News & Insights

The Process of Canadian Mark-to-Market Grain Accounting

Written by Jeff Reardon | Apr 2, 2019

The process of Mark-to-Market accounting for Canadian grain elevators basically looks like this:

  1. Develop the routine of tracking data on the six essential reports:
    • Grain Hedge Position Report
    • Forward Purchase Contract Listing
    • Forward Sales Contract Listing
    • Month-End Commodity Statement
    • Currency Position Report
    • Current Market Values

  2. Choose from one of the three methods of valuation:
    • Liquidation Method
    • Replacement Method
    • Basis Cost Method
    • Or use a combination of methods

  3. Calculations and Journal Entries

This last part is easy with a simple routine, and the task is to come up with seven general journal entries:

  • Valuation of Inventory
  • Valuation of Open Purchase and Sales Contracts
  • Recording of Daily Futures P&L Activity **
  • Valuation of Futures Open Trade Equity
  • Valuation of Price Later Contracts
  • Recording of Daily FX  P&L Activity **
  • Valuation of FX Account Open Trade Equity

** Note, recording the daily activity may be done as the transactions occur throughout the month.  

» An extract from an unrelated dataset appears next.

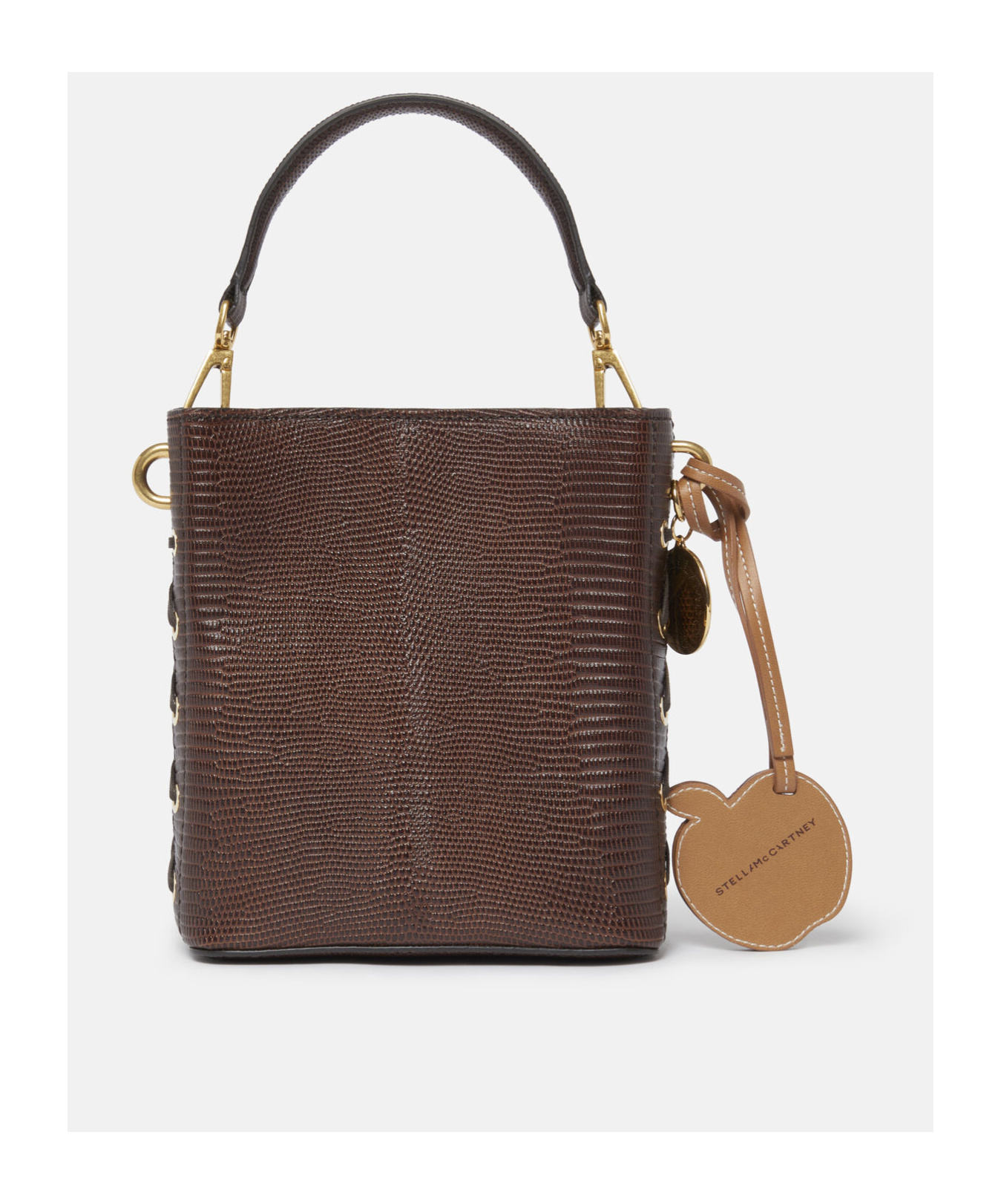 Stella Mccartney Frayme Scale-embossed Bucket Bag In Brown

The need to protect grain positions from currency risk adds another step in trading the grain basis in Canada. When grain companies enter the US Futures markets or sell grain into the US they are exposed to currency risk. This currency risk is mitigated by trading CAD futures or trading deliverable or non-deliverable FX contracts. Either way, you will need some new general ledger entries to account for the financial activity.

Our goal in Mark-to-Market is to eliminate as much currency risk as possible and trade based on the changes in the basis in the grain markets. The currency hedging is in place to lock in basis values, if the value of the FX account goes up, the value of the grain inventory should be expected to go down. If the value of the FX account goes down, then the value of the grain inventory should go up.

Money can be made or lost in the currency account, the commodities account, and the physical grain. So it is important to look at all three pieces of the trade to determine its success.